*** Block opens ***

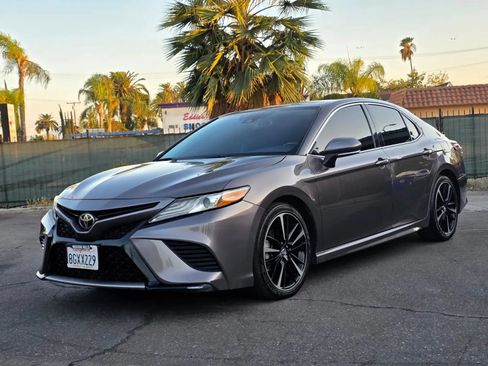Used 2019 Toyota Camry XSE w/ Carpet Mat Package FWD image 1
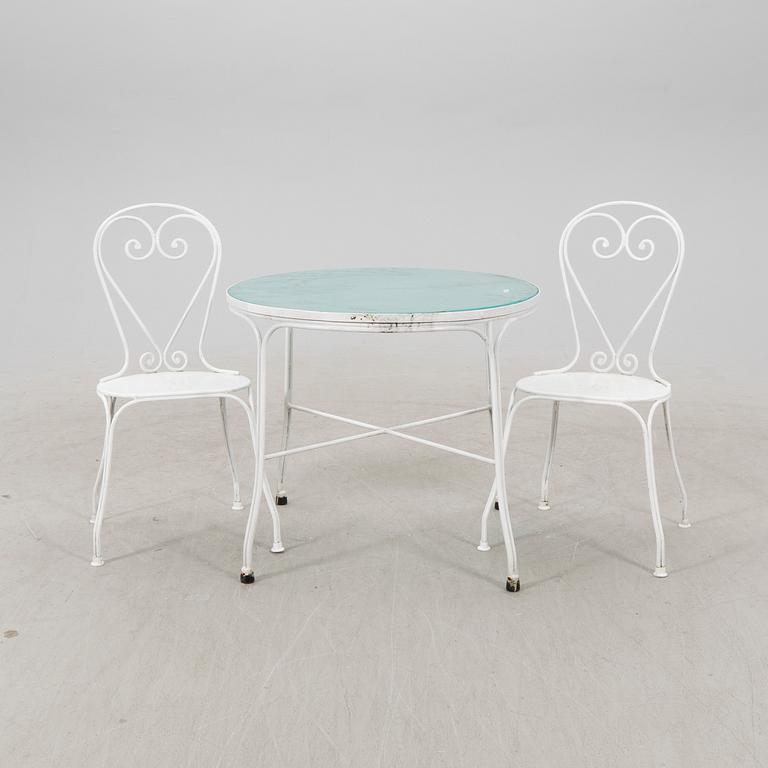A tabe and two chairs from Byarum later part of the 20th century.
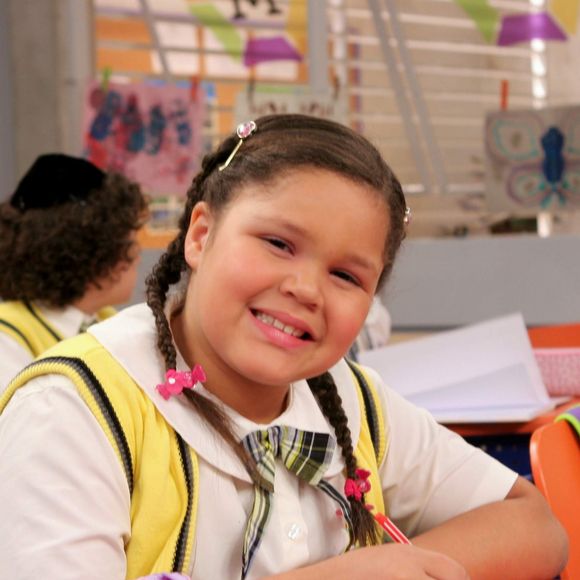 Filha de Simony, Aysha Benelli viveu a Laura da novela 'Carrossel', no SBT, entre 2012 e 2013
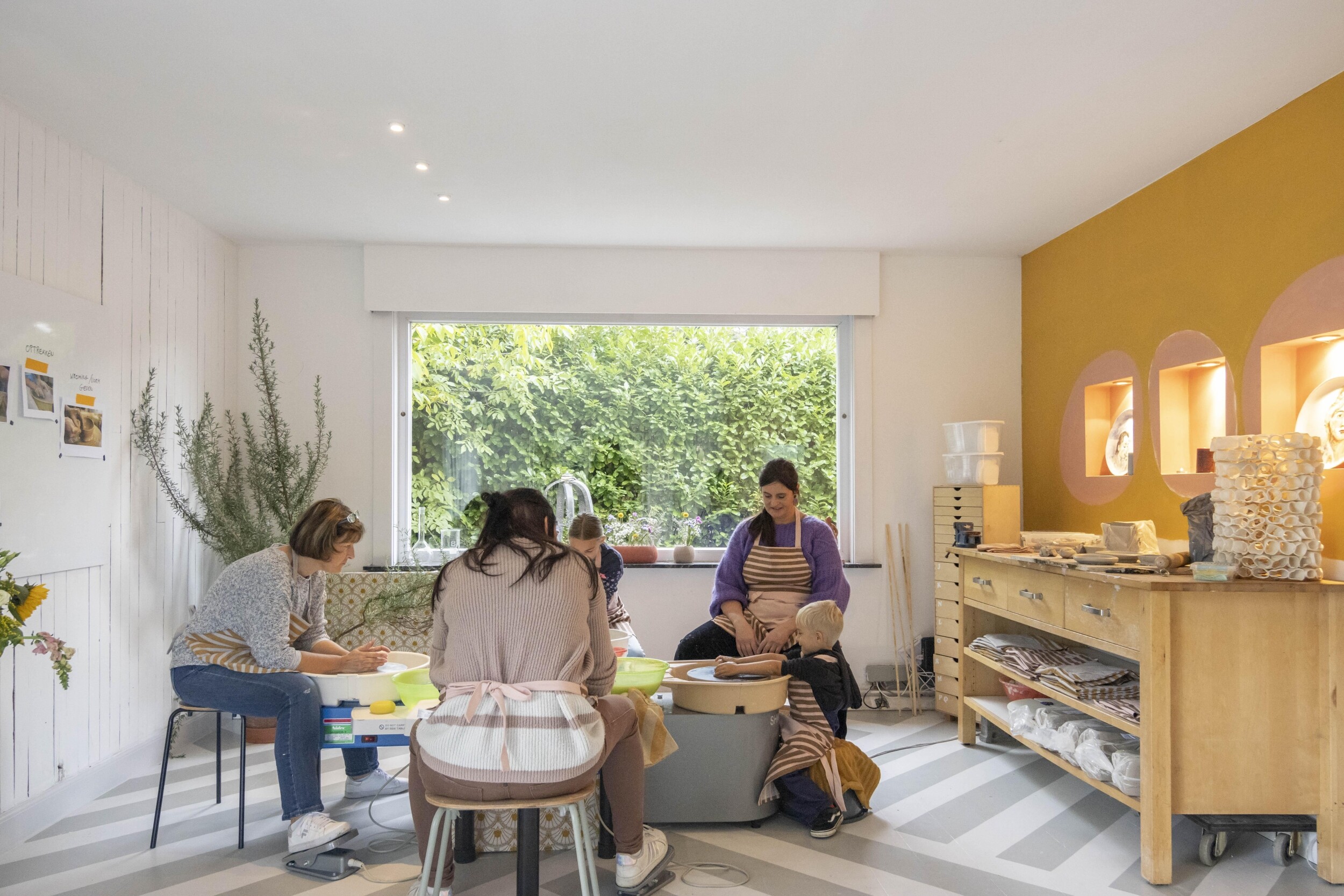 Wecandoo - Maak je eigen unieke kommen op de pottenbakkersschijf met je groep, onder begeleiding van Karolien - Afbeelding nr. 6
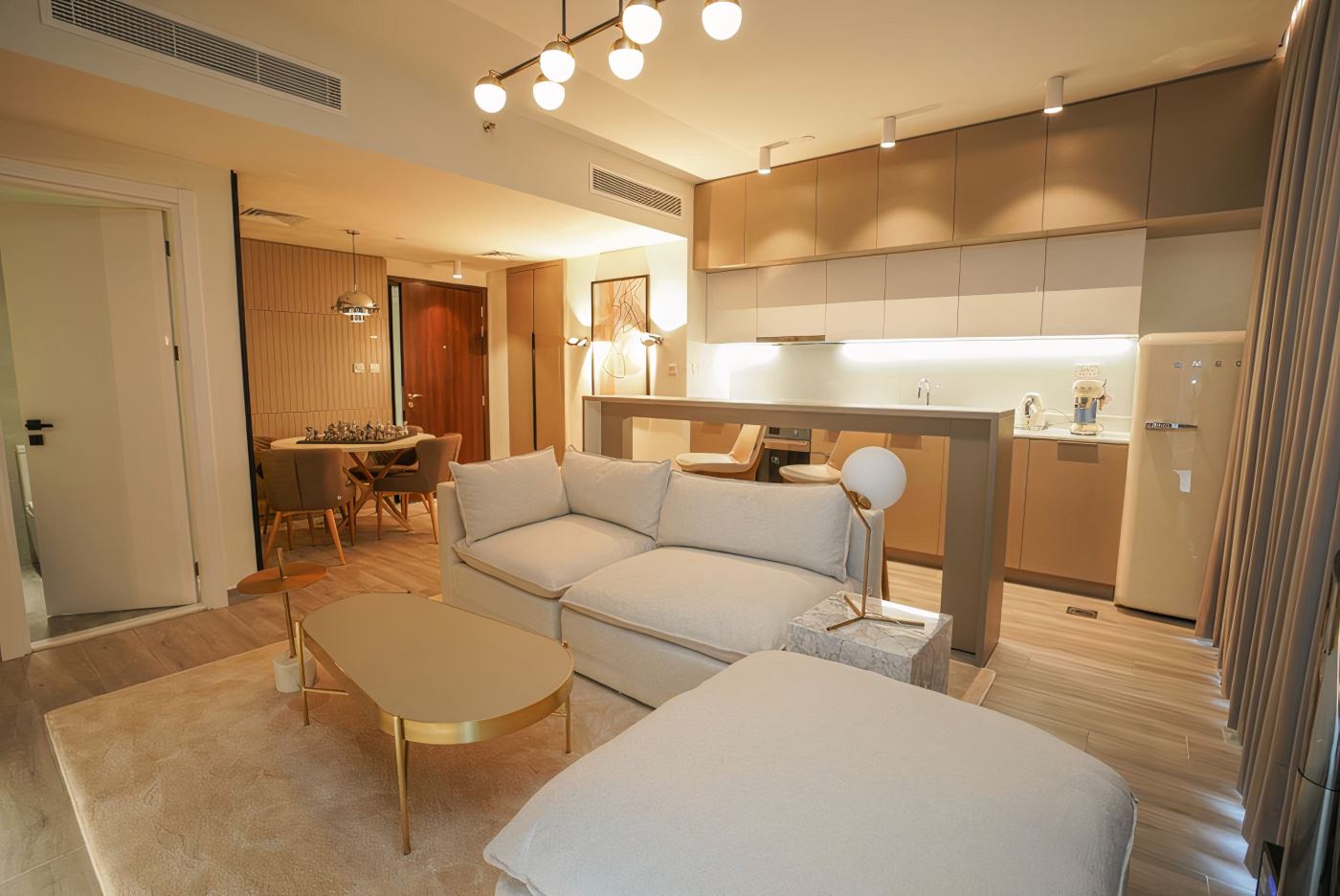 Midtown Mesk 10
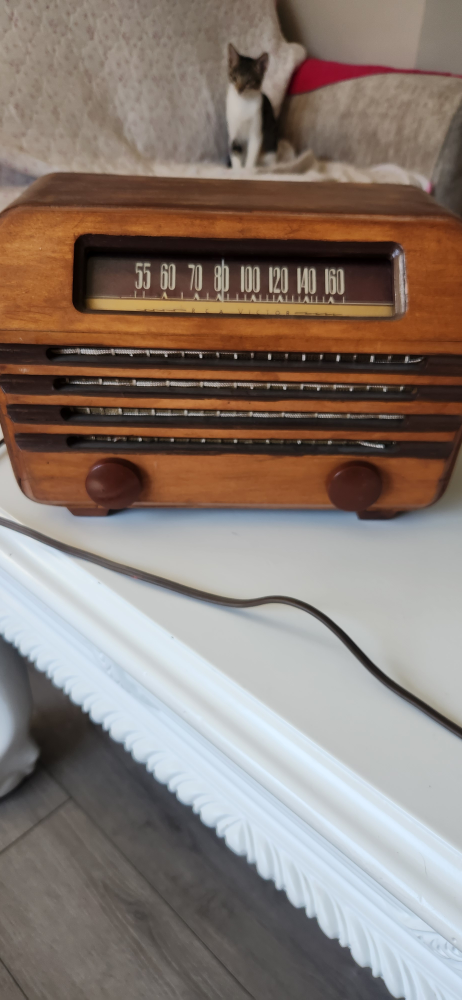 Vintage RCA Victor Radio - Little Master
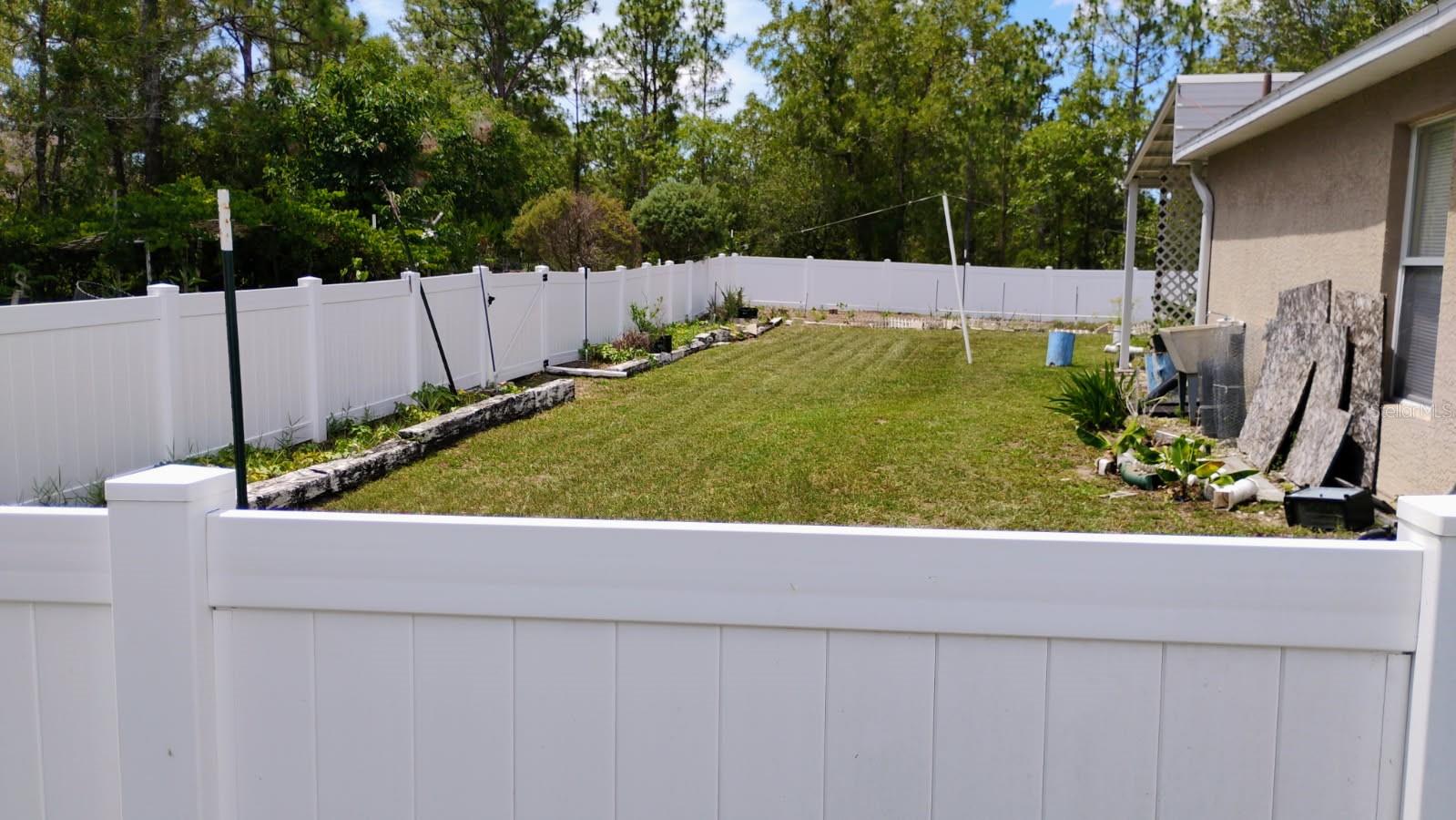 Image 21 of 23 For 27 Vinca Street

*** Block closes ***

# [Work task]
Retype each line of the records exactly as it reads; no pictures belong in the copy.

# [Response]
Used 2019 Toyota Camry XSE w/ Carpet Mat Package FWD image 1
A tabe and two chairs from Byarum later part of the 20th century.
 Filha de Simony, Aysha Benelli viveu a Laura da novela 'Carrossel', no SBT, entre 2012 e 2013
 Wecandoo - Maak je eigen unieke kommen op de pottenbakkersschijf met je groep, onder begeleiding van Karolien - Afbeelding nr. 6
 Midtown Mesk 10
 Vintage RCA Victor Radio - Little Master
 Image 21 of 23 For 27 Vinca Street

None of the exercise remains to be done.